Taking insurance bets is easy. Just back or lay in multiple markets. Insurance bets allow for complex sports trading strategies but should you take it? Here I will provide some insights to the world of insurance bets.

"If you don't know why you are winning, you probably aren't." That is the simple message for sports trading. Do not take insurance bets if you do not know why you are taking it. In the classic game of blackjack, when you have blackjack but the dealer has a hole card of Ace, you are always asked if you want to take insurance. Well, why not? No matter the dealer has blackjack or not, you are offered a guaranteed win of even-money. Take for example you wager $100 and are offered a $50 insurance bet. If you take it and the dealer does not have blackjack, you win $150 on your initial wager but loses your $50 insurance bet. If the dealer has blackjack, you are returned your $100 initial wager but won $100 (insurance pays 2 to 1) on our insurance bet. You simply cannot lose!!

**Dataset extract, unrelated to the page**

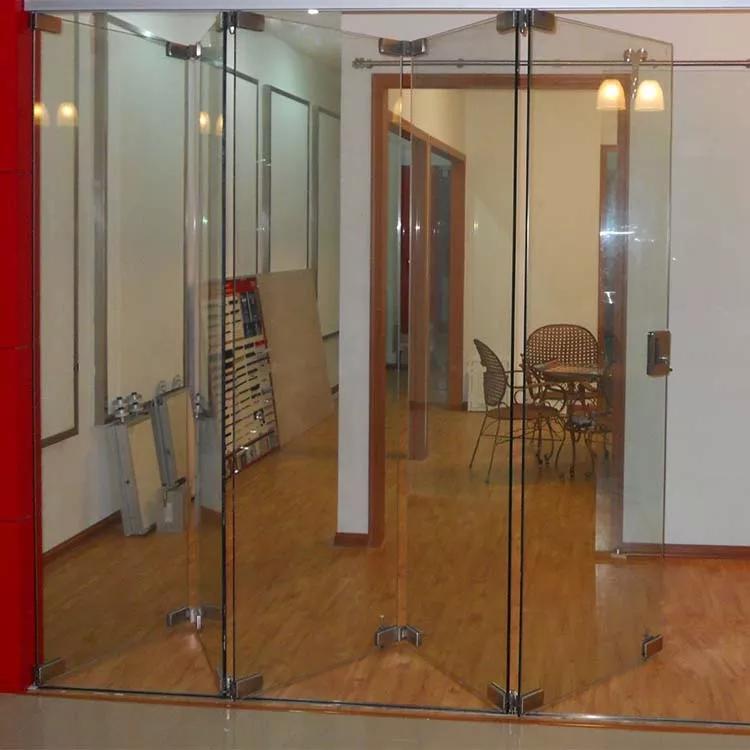 stainless steel hardware sliding folding glass partition Buy sliding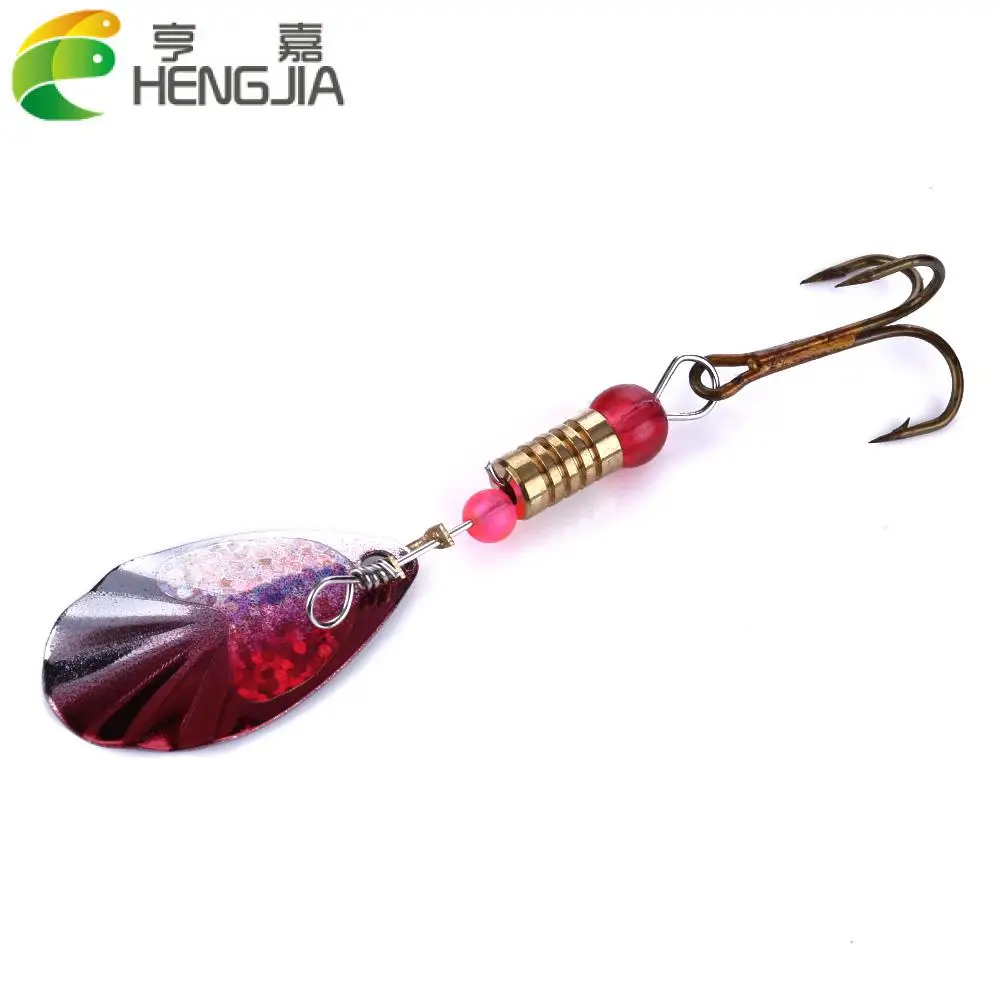 HENGJIA 1 шт. металлическая рыболовная приманка с блестками 2 7/2 8/3/3.3/3.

However, an in depth discussion on this will yield that the insurance bet is simply not worth it for the casino has an edge of 8% on this bet. (outside scope of discussion) For sports trading however, this is not a definite answer. Probabilities can be precisely calculated for card games, but no amount of statistical forecasting can provide an exact probability for the sports event outcome. And worse for those who did not even do any form of match analysis. Your insurance bet is at best, a lucky guess.

And for those who know what they are doing, congratulations. A reasonable estimate of probability must be calculated though. An example would be the very common laying under 1.5 goals and backing 0-0 correct score as an insurance bet in football trading. The objective of laying under 1.5 goals is of course to hope for a goal and back it for a profit. Backing 0-0 acts like an insurance for if the earlier objective is not achieved, you would make money on the insurance bet either by laying it for a profit or waiting the game to end with 0-0 for a larger profit.

One quick look at this strategy and the burning question that arise would be whether the odds move enough for a profit to be made. Since you are exposing yourself with more money, how much does the odds of the insurance bet have to move to make it worthwhile? This is of course governed by the implied probability of the event occurring.

With so many variables to manage, it is at least helpful that with all the odds data before the start of the match, the required probability for all the outcomes can be precisely determined. What is left however is for the sports trader to forecast the real probability of the event happening through detailed match analysis.